Practicing this kind of interactiveness is what really helped me get over my social anxiety and become more relaxed, playful, and interactive with people (and with the world in general). There’s one other thing that I would recommend to you as well, if you want to actually meet new friends and like-minded people:
4. Hang out in places that you really enjoy hanging out in.
When I was younger, and I wanted to “meet people,” I would go to bars and clubs and parties and things like that. When I got older and started being more “interactive” with the world around me, I started to realize that there were a lot of awesome places I would rather be, rather than bars and clubs and parties. I really enjoy meditating and being in nature. I can do this by going outside into the woods by myself and meditating out there.

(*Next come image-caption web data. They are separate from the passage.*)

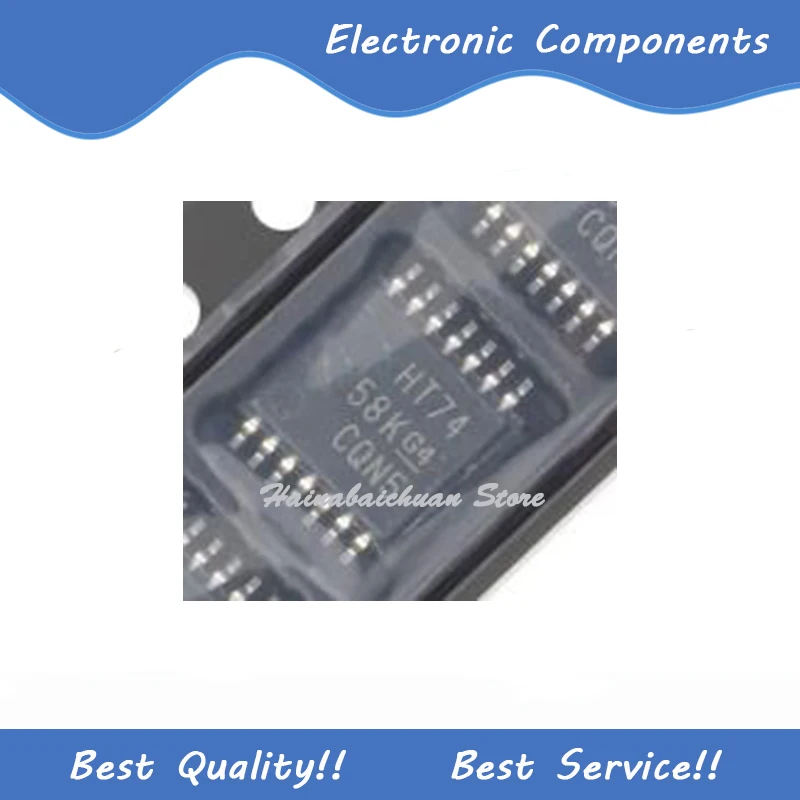 

10 Pcs/Lot SN74HCT74PWR TSSOP14 New and Original In Stock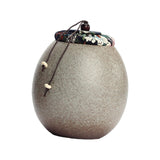 Maxbell Tea Canister with Seal Lid Tins Kitchen Canisters for Candy Dry Food Counter 550ml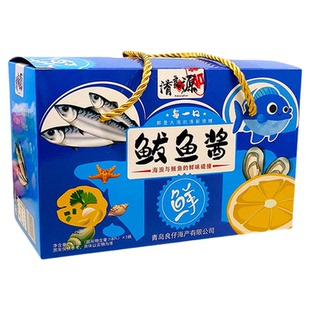 青岛鲅鱼酱礼盒装海鲜酱即食拌饭下饭鱼肉罐头送礼山东特产调味品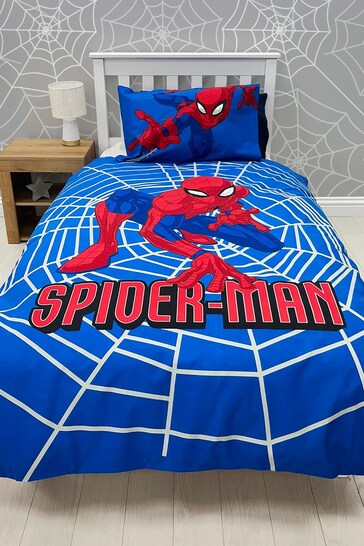 Character World Ultimate Spiderman Crime Fighter Single Panel Duvet Cover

But if I actually want to meet people… why not go outside and meditate in a park? Or in a monastery in the mountains?
In this way I started meeting people who enjoy the same things that I do, who want to be in the same places that I do. I found a lot of very like-minded people. I found the same thing while traveling. I wanted to go to certain places (Thailand, Laos, Cambodia, etc). When I went to those places, I wanted to go to more specific places (a specific beach that has cheap grass huts, for example, or a place known for its spiritual community). When I found myself in the places that I really wanted to go to, I also found myself surrounded by people that I really enjoyed hanging out with. Many of these people have become my lifelong friends.

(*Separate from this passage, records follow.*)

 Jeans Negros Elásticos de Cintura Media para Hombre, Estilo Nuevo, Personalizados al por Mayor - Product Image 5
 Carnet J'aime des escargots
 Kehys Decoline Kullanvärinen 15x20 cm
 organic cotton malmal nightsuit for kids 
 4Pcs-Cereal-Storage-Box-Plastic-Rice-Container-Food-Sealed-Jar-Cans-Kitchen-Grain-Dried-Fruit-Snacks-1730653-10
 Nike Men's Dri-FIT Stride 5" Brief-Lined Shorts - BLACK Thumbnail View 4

You don’t have to have these specific interests; if you love to read, for example, you might meet new friends at bookstores and libraries. You get the idea. Essentially: the easiest way to meet like-minded people is to figure out where YOU really want to go, then go there. And don’t forget to observe & interact while you’re there.
I hope this helps!
The views expressed in this article are those of the author, and do not necessarily represent the views of, and should not be attributed to, Meditation Magazine.